Ingredients
- 1/2 kg mutton, cubed and washed
- 1 1/2 cups daliya or coarsely ground or cracked wheat, (available in grocery stores)
- 1-inch piece ginger
- 3 cloves garlic
- 2 to 3 green chillies (or as per taste)
- 1 tsp turmeric or haldi powder
- 1 tsp cumin or jeera seeds
- 1 tsp garam masala
- 1 medium-sized onion, cut into fine slices for baghar
- 1 tbsp chickpea flour or besan
- 1/4 cup oil
- Salt
- 1 small bunch of mint leaves
- Grind the garlic, ginger and chillies into paste. In a pressure cooker or heavy-bottomed pot, with a lid, add washed mutton, the ground masala, haldi, jeera, garam masala, 2 cups water and half of the oil.
- Pressure-cook or cook till meat is tender.
- Add 2 cups water, stir in the wheat daliya (cracked wheat) and cook till wheat is done, stirring all the time to prevent wheat from sticking to the bottom of the pot.
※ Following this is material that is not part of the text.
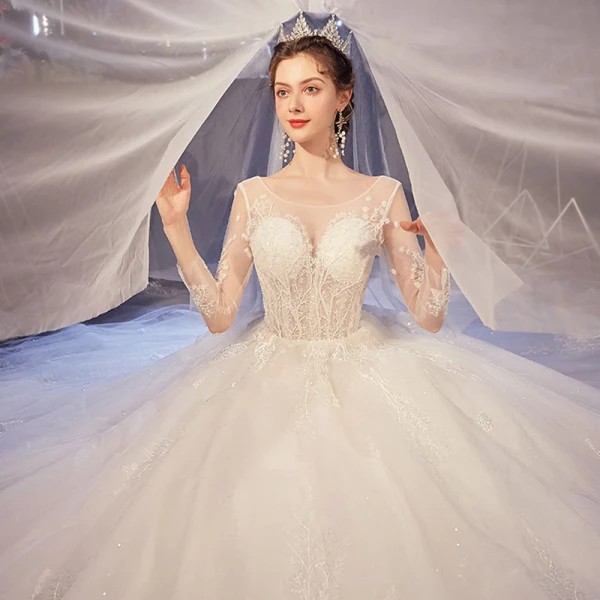 Illusion Ivoire Transparentes Robe De Mariée 2020 Princesse Encolure Dégagée 3/4 Manches Dos Nu Glitter Tulle Appliques En Dentelle Perlage Cathedral Train Volants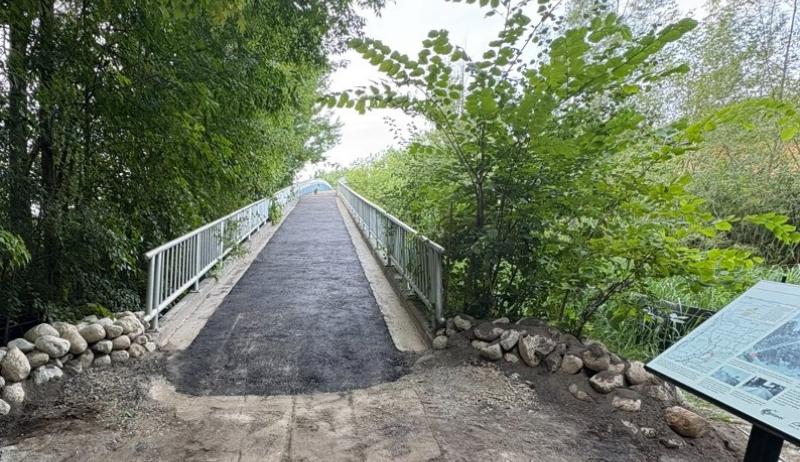 A pedestrian bridge over a highway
- In 1/4 cup of water, dissolve the besan completely; there should be no lumps. Pour the besan mixture into the meat and wheat. Bring to a boil.
- Take the remaining oil in a pan and fry the sliced onion to a crisp brown, but take care not to burn it. Add 1/2 tsp jeera seeds. When they crackle, pour into the meat and wheat mixture. Keep covered for a while. Open and thoroughly mix, till all the oil is absorbed.
- Serve hot in a bowl, garnished with chopped mint leaves.